Last updated: March 29, 2011 - 8:43am
[Commentary] MetroPCS is the first Internet service provider to be hit with a network neutrality complaint.
The complaint is in response to the ways the company deals with its own limitations:
First, the $40 per month price tag extends a fat discount. Unlimited everything can cost $120 on faster networks.
Second, it has also deployed new 4G technology, offering both a $40 tier similar to the 2G product (no video streaming), but also a pumped up version with video streaming, VoIP and everything else – without data caps – for $60 a month. Of course, this network has far larger capacity and is much zippier (reliable at 700 kbps). PC World rated the full-blown 4G service “dirt cheap”.
Third, to upgrade the cheaper-than-dirt 2G experience, MetroPCS got Google – owner of YouTube – to compress their videos for delivery over the older network. This allowed the mobile carrier to extend unlimited wildly popular YouTube content to its lowest tier subscribers.

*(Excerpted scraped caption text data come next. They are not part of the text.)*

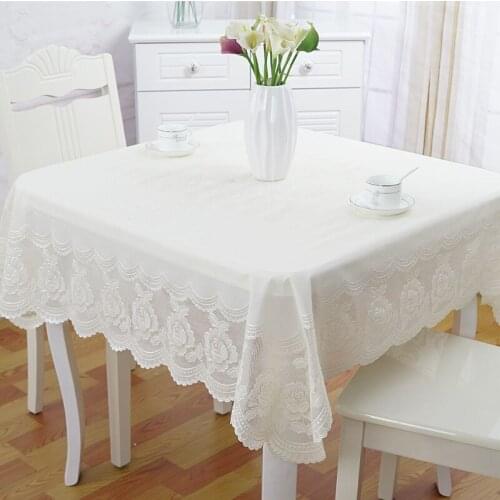 Square Tablecloth Waterproof and Oil-proof Non-washing Square Table Garden Household PVC Plastic Tablecloth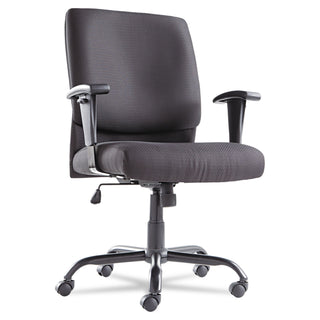 OIF Big and Tall Swivel/Tilt Mid-Back Chair, Supports up to 450 lbs., Black Seat/Black Back, Black Base (OIFBT4510)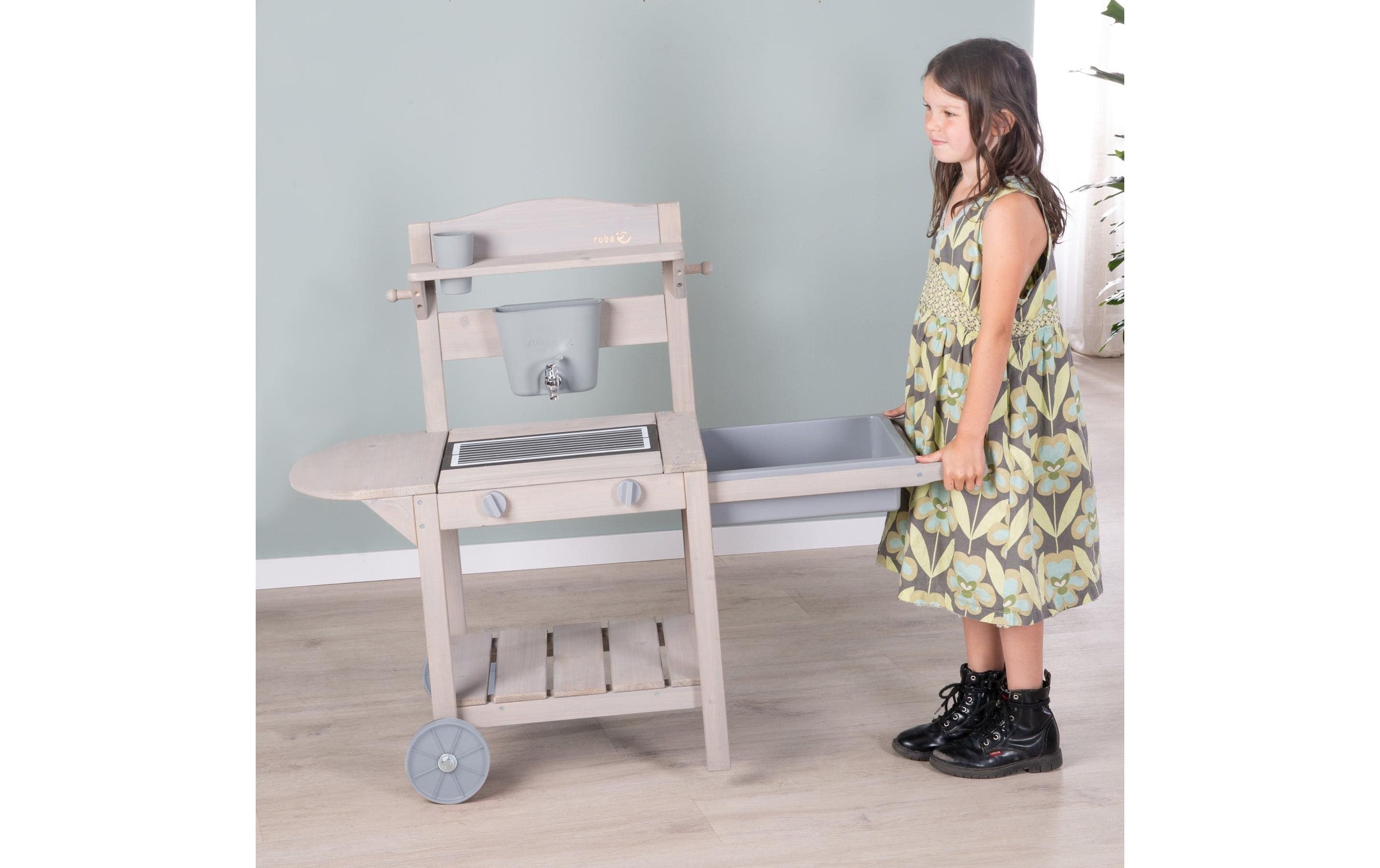 roba® Outdoor-Spielküche »BBQ Grau«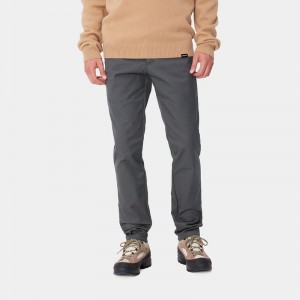 Spodnie Carhartt Sid Męskie Czarne | BOZ-307691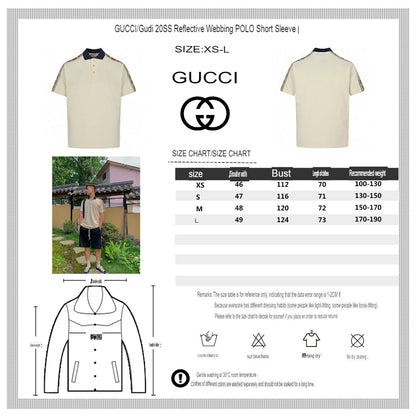 Polo Gucci avec bande logo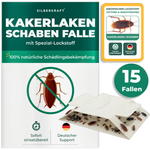 15 x pièges à blattes avec attractif spécial intégré - attraction ciblée des blattes et des blattes sans insecticides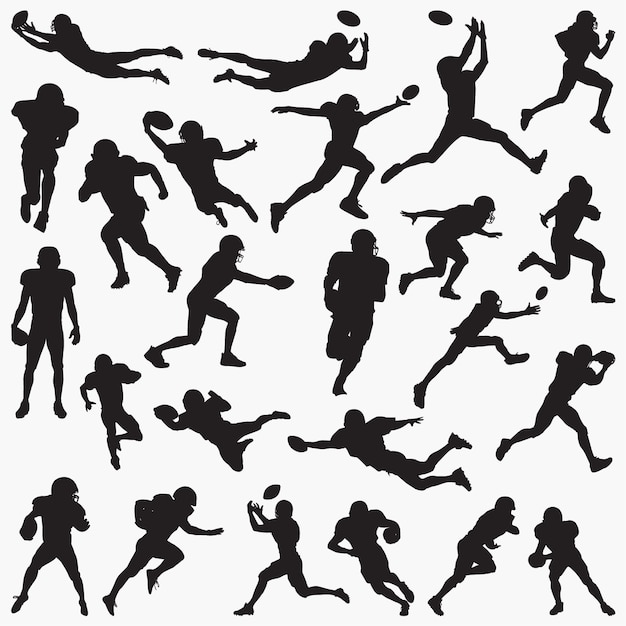 Football Players Silhouettes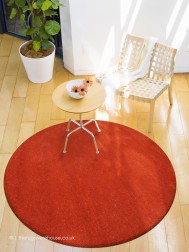 Comfort Burnt Orange Circle Rug - Thumbnail - 2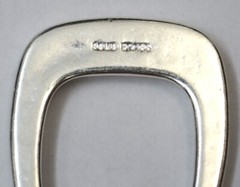 Solid Brass Silver Colored Belt Buckle – New – Fits 1&Prime; Wide Belt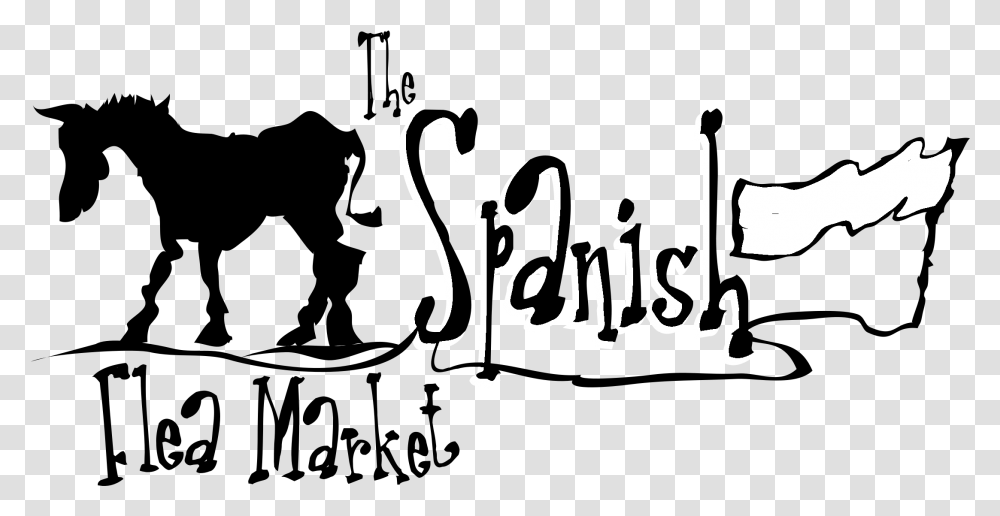 The Spanish Flea Market Logo Spanish, Text, Calligraphy, Handwriting, Label Transparent Png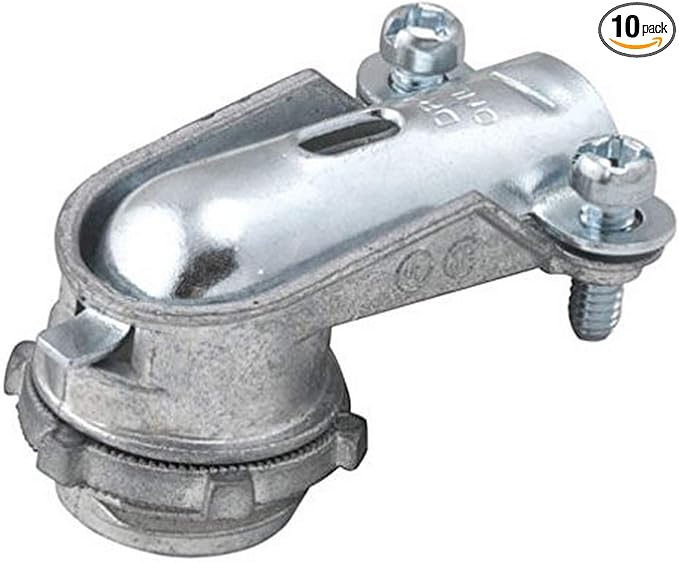 RACO 2695 Squeeze Connector, Die Cast Zinc, Flexible Metal Conduit, 90 Degree by Raco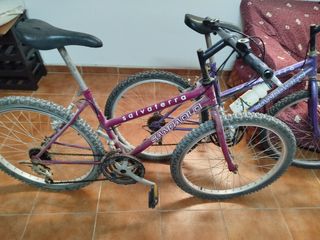 Bicicleta montaña azul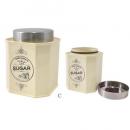 キッチンキャニスターC-IV アイボリー 砂糖 SUGER 小物入れ ボトル 保存容器 カフェ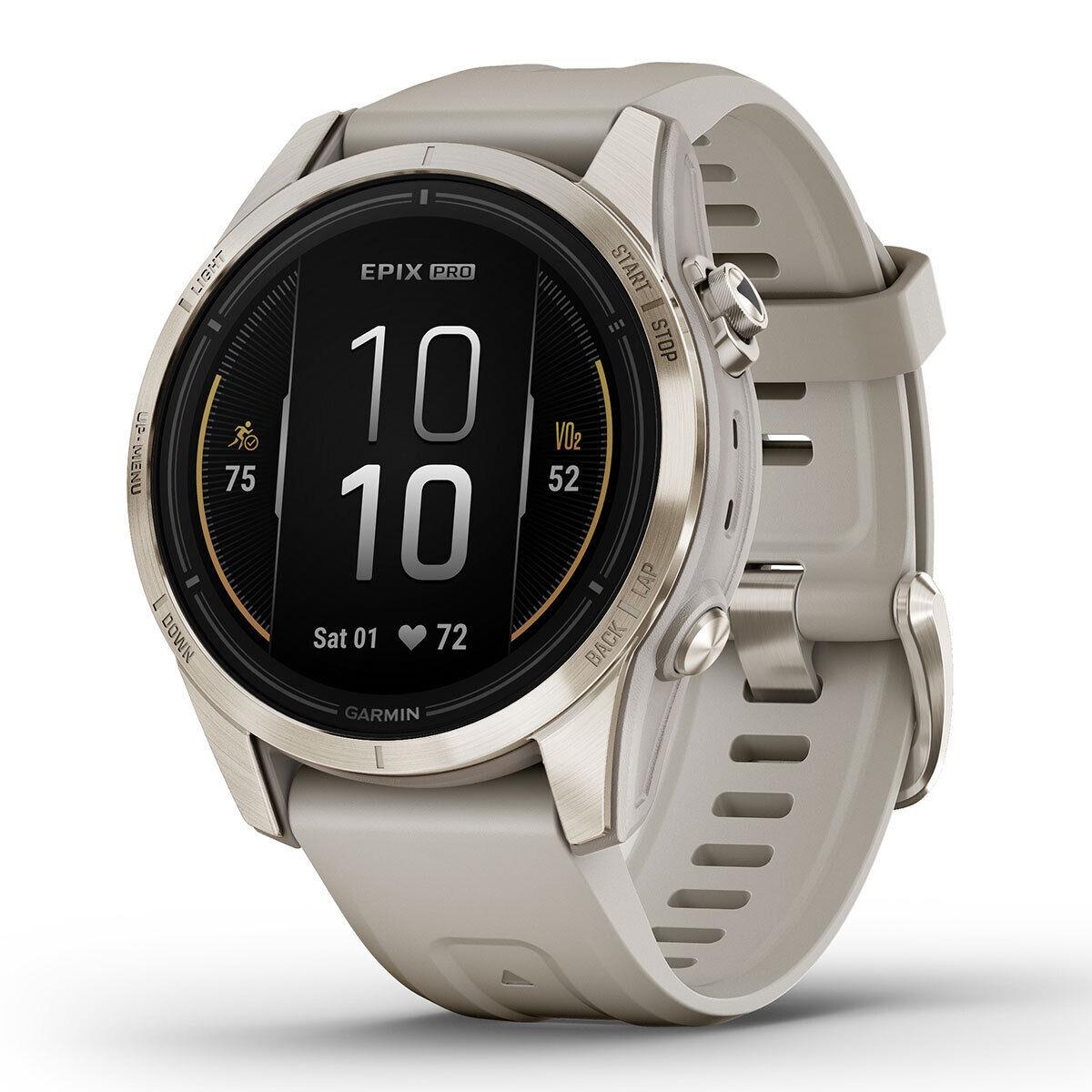 Garmin Epix Pro (gen 2) Epix Pro Gen 2 42 mm Multisport Gps Amoled Smartwatch Sapphire - Soft Gold/Light Sand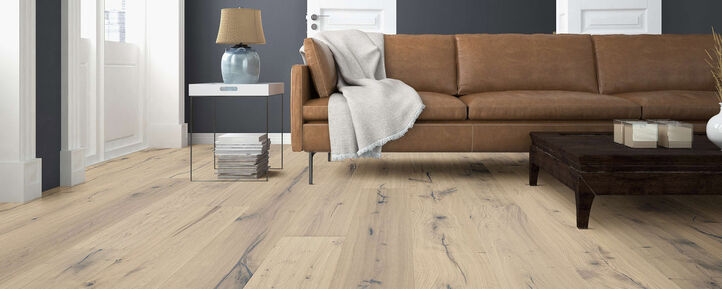  Style Flooring Handgehobelt Parkett Eiche Merano Rustikal Weiß Öl Landhausdiele DP224 2200x220x15 mm EHW220 | 53684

Busted! Favouring YouTube is said to violate neutrality. The business plan contains differences that “lack any engineering merit”, and the option for consumers to access more content for a higher price irrelevant. Free Press asks, “What if that $60 unlimited plan were $100? What about $600?” The carrier responds that its customers really like YouTube and that they have no financial interest in the matter by making their subscribers happier. The Federal Communications Commission has already erred. Innovators such as MetroPCS and Google should need no defence in supplying customers’ superior choices. Neither consumers nor the Internet are “protected” by rules hostile to co-operative efforts – even if money were to pass between firms – that expand outputs and lower prices. If the FCC is to take such ill-targeted attacks on competitive rivalry seriously, it will do far more to deter the open Internet than to preserve it.